Sequence Scheduler Deprecation¶

If you are using option.rolling_batch=scheduler, this deprecation impacts you. The Sequence Scheduler Rolling Batch enabled continuous batching behavior using the HuggingFace Transformers Library. This implementation is no longer needed as vLLM supports the same set of models that Sequence Scheduler did with better performance. To migrate from the sequence scheduler rolling batch, we recommend you move to vLLM by specifying option.rolling_batch=vllm. More details on the vLLM rolling batch implementation can be found in the vllm user guide.

If you still require using the Sequence Scheduler implementation, you can use LMI v14.

LMI-Dist Deprecation¶

If you are using option.rolling_batch=lmi-dist, this deprecation impacts you. The LMI-Dist Rolling Batch has not been updated since LMI v12. We are deprecating LMI-Dist in favor of vLLM. We expect that existing users of lmi-dist can easily transfer to vLLM, as LMI-Dist was largely based on vLLM.

To migrate from lmi-dist to vLLM, you must take the following actions:

disable MPI mode by setting engine=Python and option.mpi_mode=false
swap rolling batch to vllm by setting option.rolling_batch=vllm

You can also explore the new async mode support for vLLM here.

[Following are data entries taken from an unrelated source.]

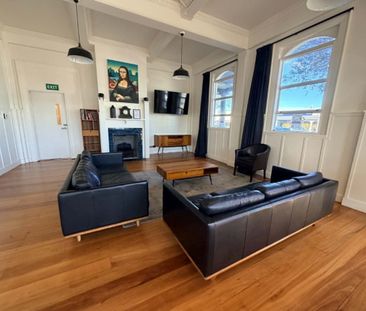 Short-Term Accommodation Urban Lounge Sleepery Carterton From $400/... - Photo 3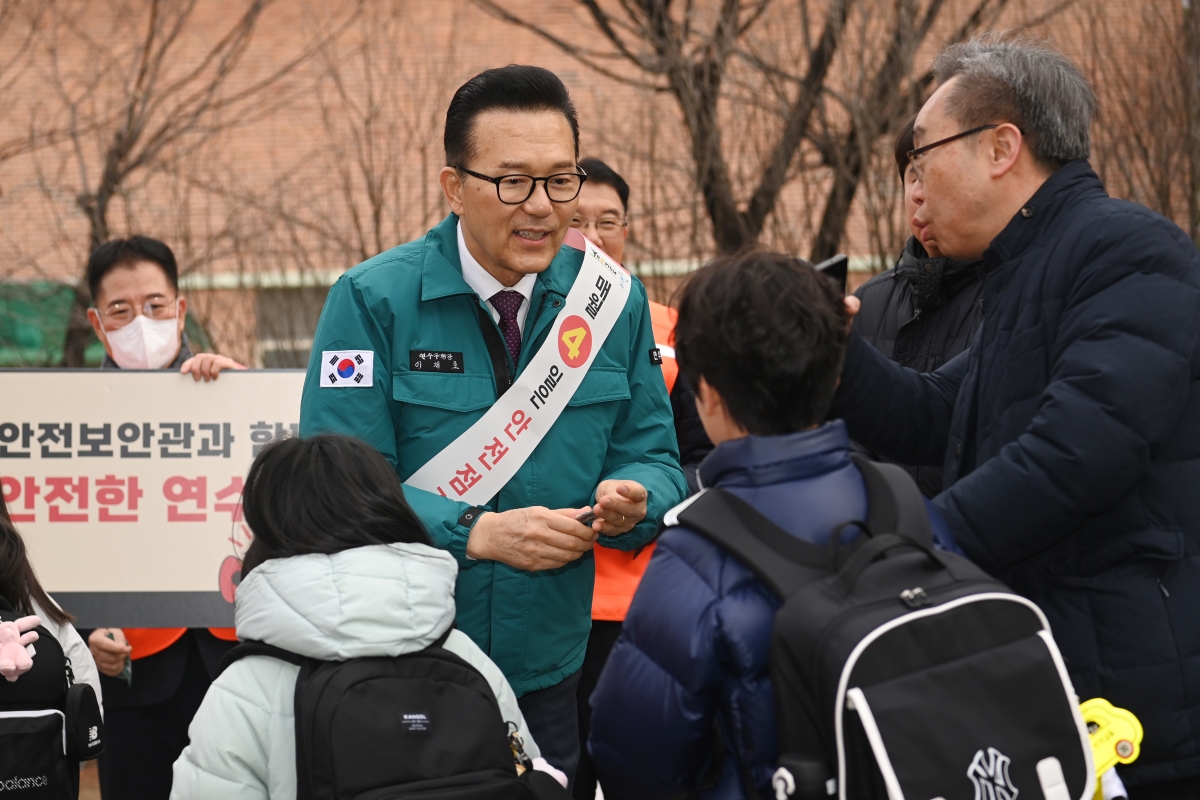 등굣길 안전캠페인 현장(연성초등학교)의 1번째 이미지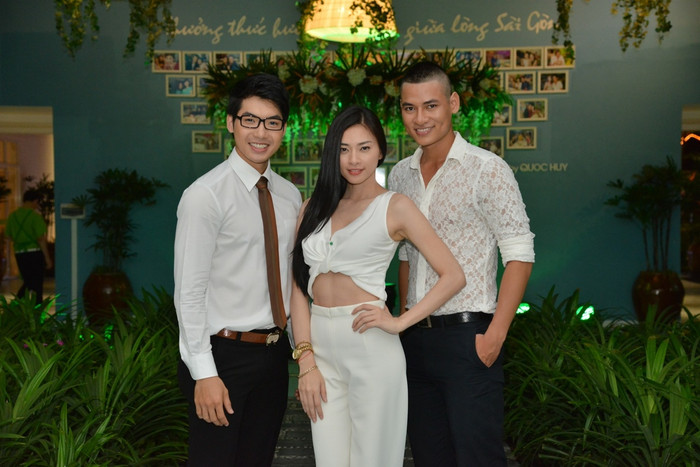 "Đả nữ" thật nữ tính bên hai chàng trai đẹp: Nam Thành (trái) và Khôi Nguyên. "Đả nữ" thật nữ tính bên hai chàng trai đẹp: Nam Thành (trái) và Khôi Nguyên.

We have tested this migration process for models and use-cases in our LMI-Dist Integration tests. The following use-cases in LMI-Dist will not work with vLLM:

using Tensor Parallel>1 and Pipeline Parallel>1 in addition to draft model speculative decoding
multi-node inference

If neither of those use-cases apply to you, we expect a seamless transition to vLLM.